What makes this research special is that it doesn’t rely on what people say to each other online. All that matters is who is messaging whom, and how often. In fact, the more secretive a group is, the more insular it is, and thus the easier it is to spot.

By ignoring the text of messages, a computer could process much more data. And it won’t be thrown off by clever attempts at linguistic subterfuge.

And, in Wallace’s view, this type of surveillance wouldn’t violate anyone’s privacy, because it’s not monitoring what people are saying. He considers it less intrusive than the “cookies” that many Web sites use to identify repeat visitors.

“I’m not going to be able to tell that it’s a terrorist group,” Wallace says. “All we’re going to say is, `Here is a group of people that’s been talking a lot, you ought to check them out.'”

That explanation doesn’t reassure Mark Rotenberg, the executive director of the Electronic Privacy Information Center in Washington. Although people aren’t being targeted for using words such as “Quran” or “civil aviation,” he says the research is based on another shaky premise: that people trying to disguise their communications are up to no good.

“I don’t believe that secrecy is inherently suspect,” said Rotenberg, who is also a part-time professor at Georgetown University Law Center.

The RPI researchers are now testing their algorithms _ a set of instructions that a computer can execute.

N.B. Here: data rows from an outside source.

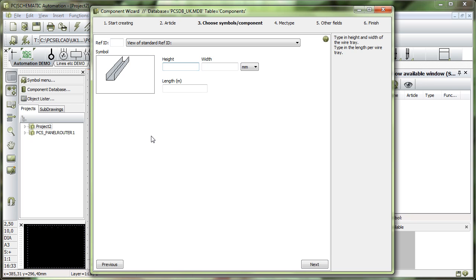Then I can type the height of it — it is in millimeters — and the width of it, that could be 25. I can also specify how long each wire tray is. If it is 2 meters long, I go in and type 2. And in this way, I have created this wire tray.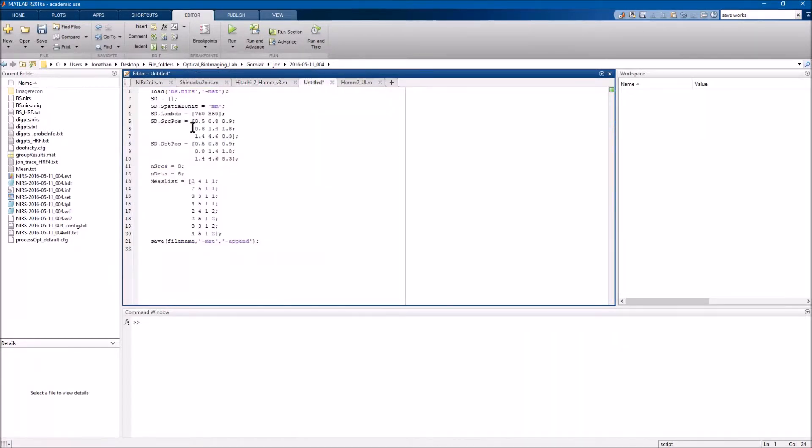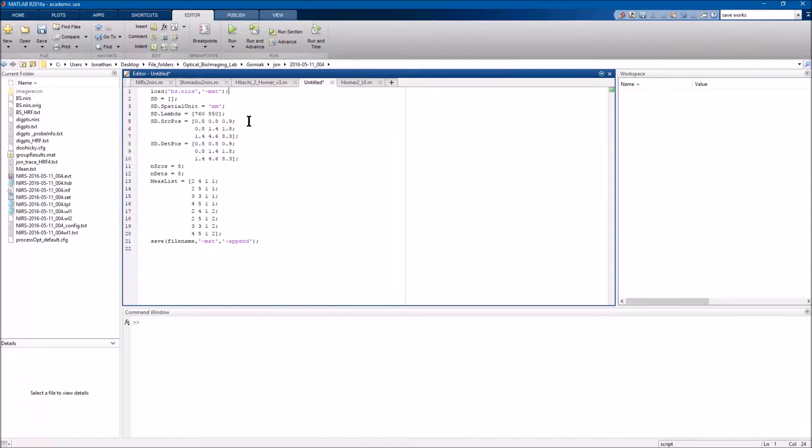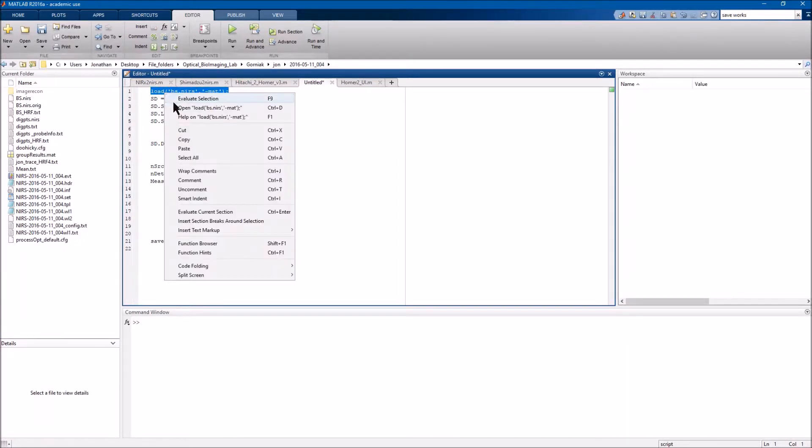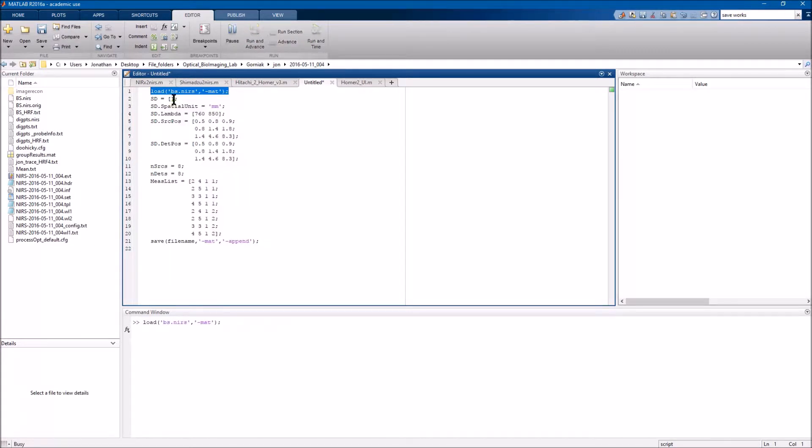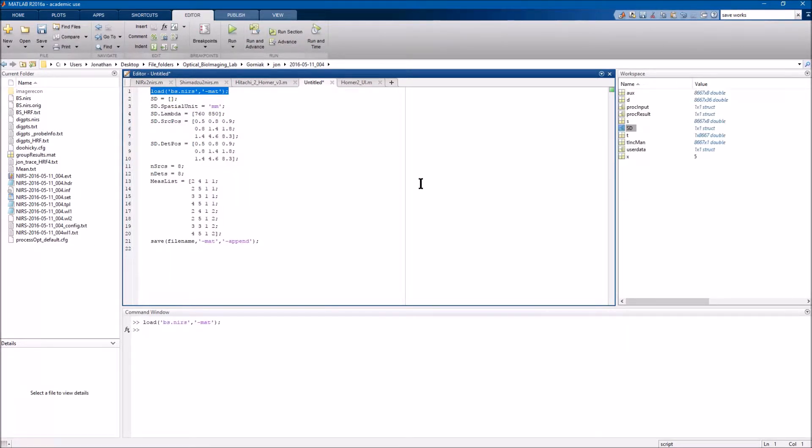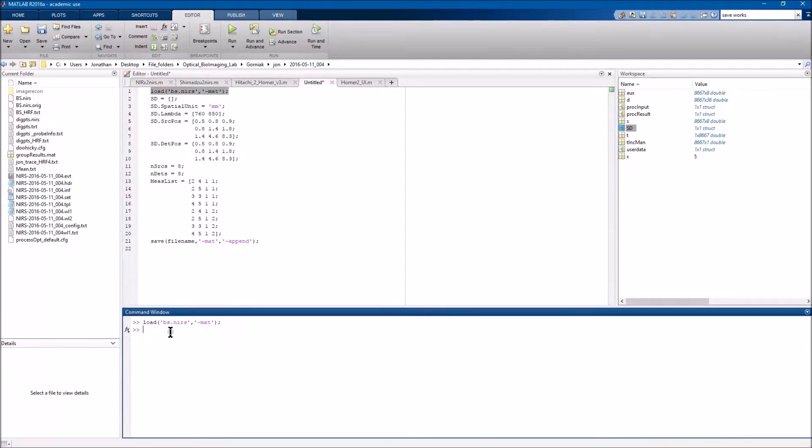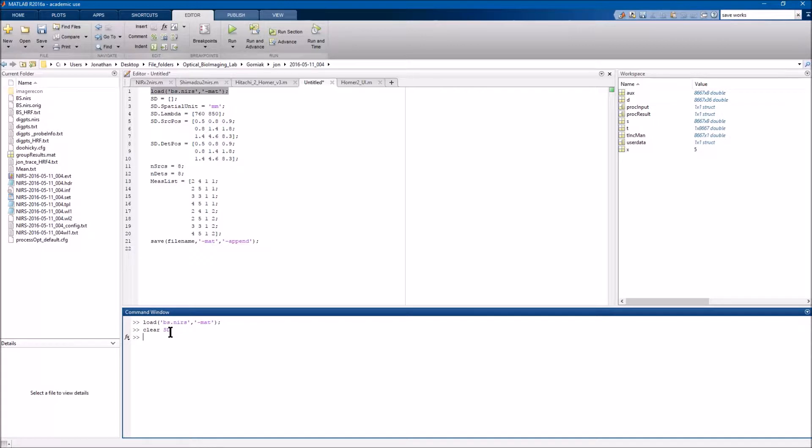So what that means, and I just wrote kind of an example script here to implement this, is that you're going to have to do something along these lines. In this case I have a .nears file called bs.nears, I won't go into details on why I named it that, but I just loaded it in and you'll see that I do have an SD struct here. I'm going to go ahead and clear my SD.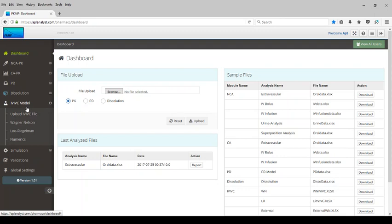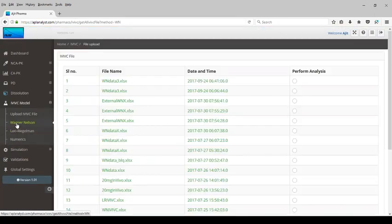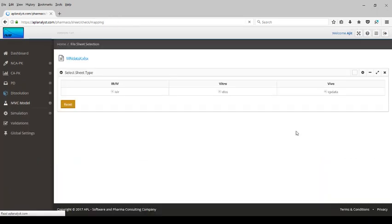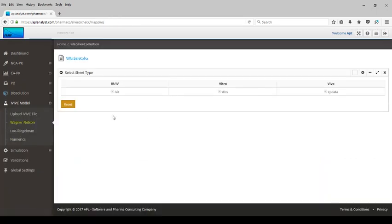We will select the Wagner-Nelson method. I have already uploaded a file and we will select that file. As mentioned, the file has three components: IV-IR, dissolution, and in vivo data.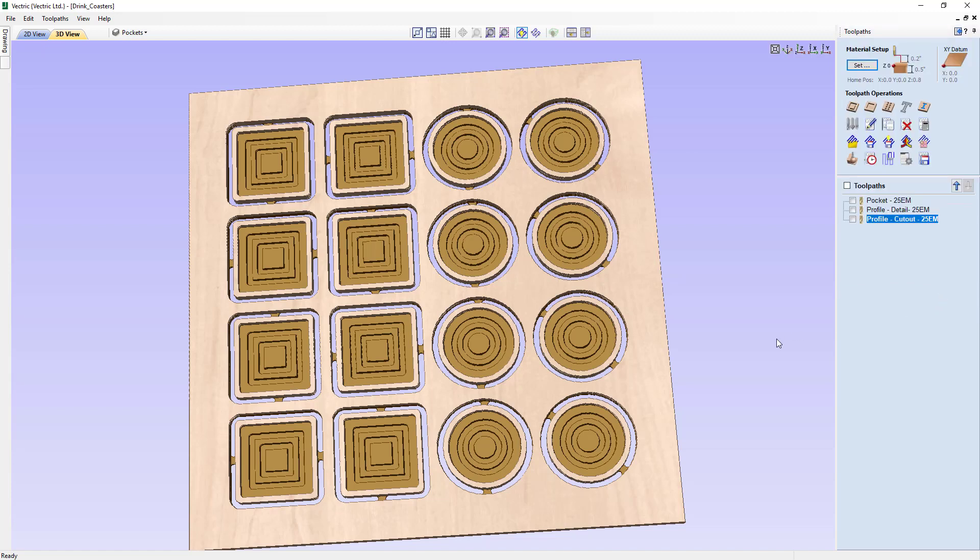Hopefully you can now understand the difference between the ArrayCopy toolpath and the merge toolpath options, and you can choose which one is best for the job you're currently doing. I hope you found that useful, and that concludes this demonstration.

Once they check out, Wallace said, the government will likely give them to a software developer to convert into a program that might be used by America’s spy agencies.

Wallace said the algorithms could be applied not only to chat rooms _ which are easy enough to monitor because they’re open to the public _ but also to conventional e-mail. Monitoring e-mail, however, is a much thornier proposition because it’s more private.

The federal government isn’t allowed to spy on U.S. citizens without a court order, but many intelligence experts are convinced it uses a 30-year-old system known as Echelon to suck up massive amounts of phone and data communications, including e-mail. Many experts believe the challenge isn’t intercepting the communications _ it’s finding suspicious communications amid all the chatter.

That’s where the RPI researchers might help. Rutgers University math professor Fred Roberts, who has heard their presentations at academic conferences, including one recently in New Brunswick, thinks their work holds promise.

“I think right now everybody is figuring out ways to make use of their skills,” said Roberts, head of Rutgers’ Center for Discrete Mathematics and Theoretical Computer Science.